ClickHouse Overview

Last updated: 2020-05-28 15:44:39

    Tencent Cloud Elastic MapReduce (EMR) ClickHouse provides cloud-hosted services for ClickHouse, a popular open-source column-oriented database management system (DBMS). With features such as convenient ClickHouse cluster deployment, configuration modification, and monitoring and alarming, it is a secure and stable OLAP solution for both individual and corporate users. Moreover, it has excellent query performance and is therefore ideal for online data query and analysis scenarios.

    ClickHouse Features

    Architecture

    ClickHouse is available in single-node, multi-node, and multi-replica architectures for your choice according to your business needs.

    OPS

    Out-of--the-box services such as monitoring, log search, and parameter modification are provided in the console.

    Data

    EMR ClickHouse has complete data import and export capabilities. You can easily import data from data sources such as COS, HDFS, Kafka, and MySQL to the ClickHouse cluster or vice versa.

    ClickHouse Strengths

    High performance

    By giving full play to multi-core concurrency (with the aid of high-efficiency SIMD instruction set and vectorized execution engine) and leveraging distributed technologies and accelerated computing, ClickHouse provides real-time analysis capabilities.
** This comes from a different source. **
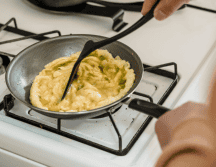 La versatilidad del huevo permite que pueda emplearse en una amplia variedad de recetas, desde desayunos hasta postres. ESPECIAL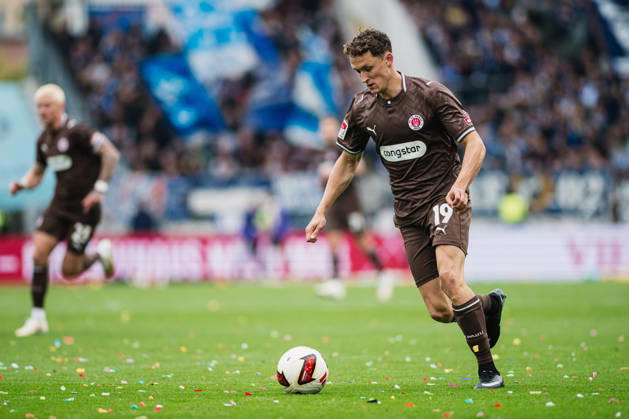 2. Bundesliga: FC St. Pauli vs. Karlsruher SC, October 11, 2026; Martijn Kaars, FC St. Pauli; 19 soccer, 2. Bundesliga, Matchday 7: FC St. Pauli vs. Karlsruher SC on October 11, 2026, at Millerntor Stadium, Hamburg. DFL regulations prohibit any use of photographs as image sequences and or quasi-video. Copyright: xBEAUTIFULxSPORTS Tonhäuserx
As an open-source solution, ClickHouse's benchmark test shows that its processing is 100–1,000 times faster than that of traditional methods, with a 50–200 MB/s high throughput during real-time import.

    Low costs

    Based on the well-designed column-oriented storage and efficient data compression algorithm, ClickHouse is an optimal scheme for building large-scale data warehouses, as it provides a compression ratio of up to 1,000%, greatly improving the data storage and computing capabilities of a single server and reducing the use costs.

    Ease of use

    • ClickHouse comprehensively supports SQL, so that you can easily get started with it.
    • It is compatible with various data types such as JSON, map, and array for quick adaption to ever-changing businesses.
    • It supports cutting-edge technologies such as approximation calculation and probabilistic data structure to process massive amounts of data.
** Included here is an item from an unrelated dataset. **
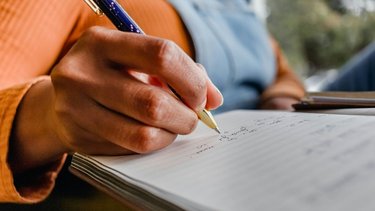 ¿Sos más racional o emocional? La forma en que escribís el número 8 lo revela, según al grafología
    EMR ClickHouse Table Engine Overview

    Table engine purposes

    The table engine (i.e., table type) determines the following:

    • Data storage method and location, and where to write the data to or read the data from.
    • Supported queries and how they are supported.
    • Concurrent data access.
    • Use of indexes (if any).
    • Whether multi-thread requests can be executed.
    • Data replication parameters.

    Engine types

    MergeTree family

    MergeTree engines are the most universal and powerful table engines for high-load tasks. A common feature among them is quick data insertion with subsequent backend data processing. They support data replication (with Replicated* versions of engines), partitioning, and some features not supported by other engines.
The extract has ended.